Exercise:
For every entry, reproduce the wording exactly and omit any image it holds.

Data for this task:
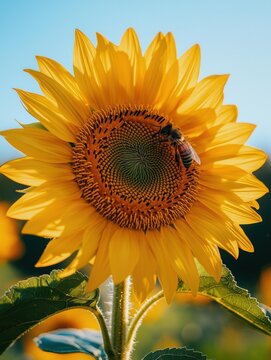 A large yellow sunflower with a bee collecting nectar. The flower's petals surround a dark center. Green leaves and a stem are visible. AI.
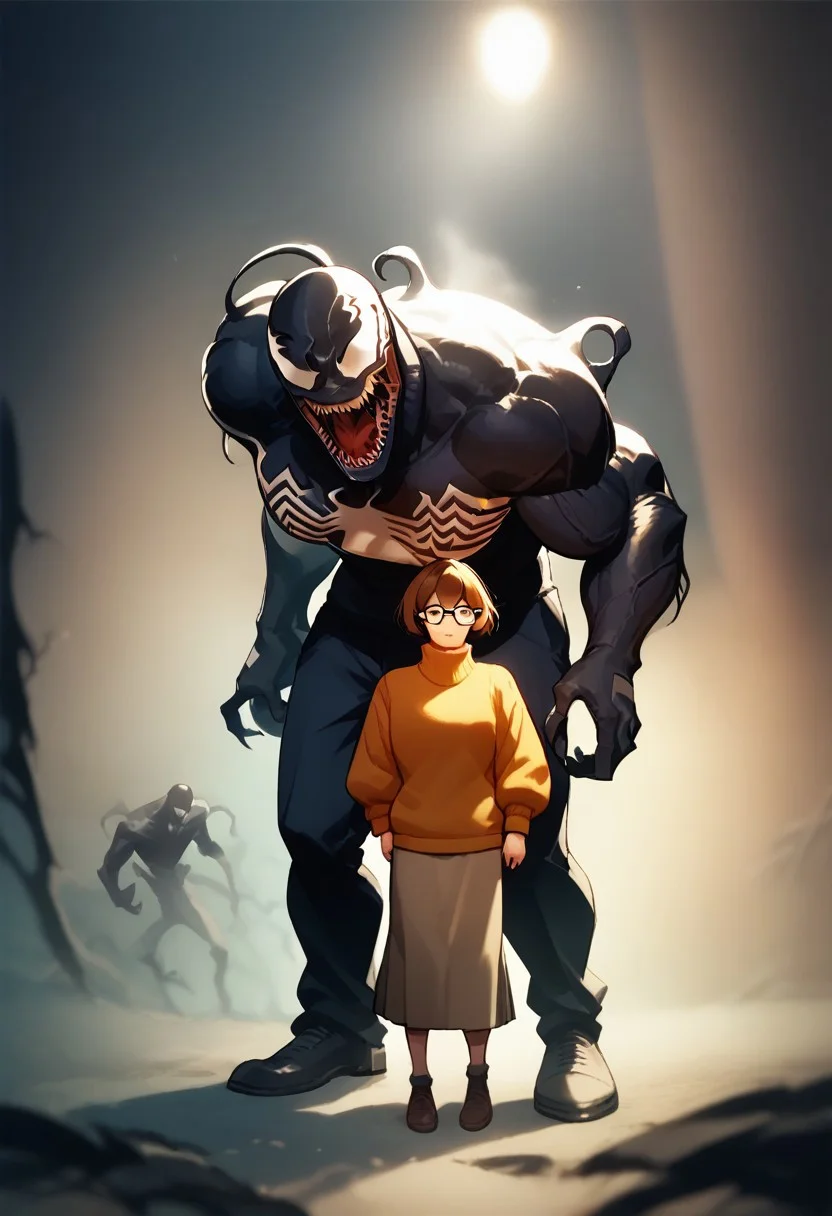 score_9, score_8_up, score_7_up, score_6_up,source anime,,1girl,1man, brown hair, glasses, sweater, brown eyes, skirt, short hair, looking at viewer, turtleneck, turtleneck sweater,
1man,Venom stands at his full height behind him, showing off the muscles on his powerful arms, big teeth, and a crazy smile.symbiote,muscular,tongue out,monster,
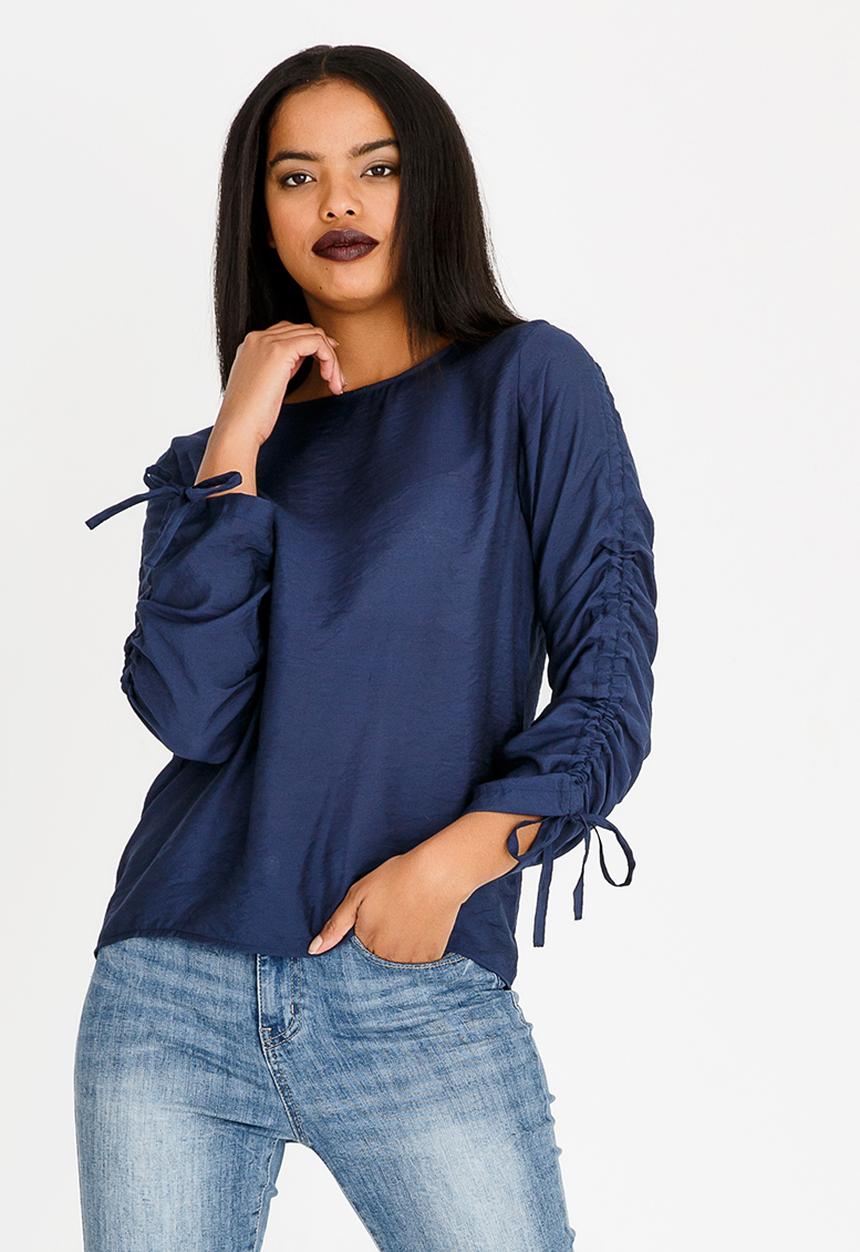edit - Long Sleeve Blouse with Drawcord Navy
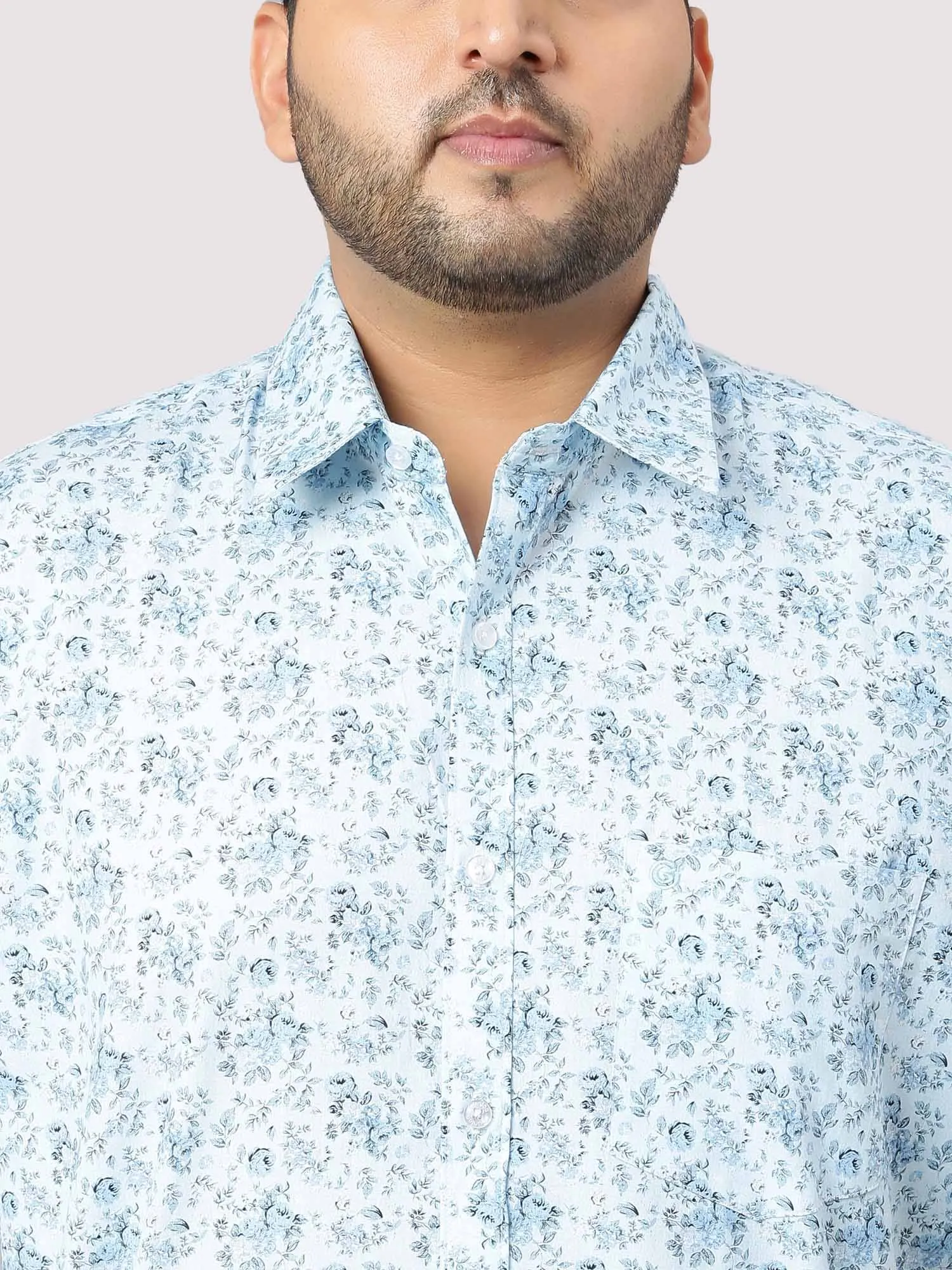 Sky Blue Floral Print Half Sleeve Shirt Men's Plus Size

Output for this task:
 A large yellow sunflower with a bee collecting nectar. The flower's petals surround a dark center. Green leaves and a stem are visible. AI.
 score_9, score_8_up, score_7_up, score_6_up,source anime,,1girl,1man, brown hair, glasses, sweater, brown eyes, skirt, short hair, looking at viewer, turtleneck, turtleneck sweater,
1man,Venom stands at his full height behind him, showing off the muscles on his powerful arms, big teeth, and a crazy smile.symbiote,muscular,tongue out,monster,
edit - Long Sleeve Blouse with Drawcord Navy
 Sky Blue Floral Print Half Sleeve Shirt Men's Plus Size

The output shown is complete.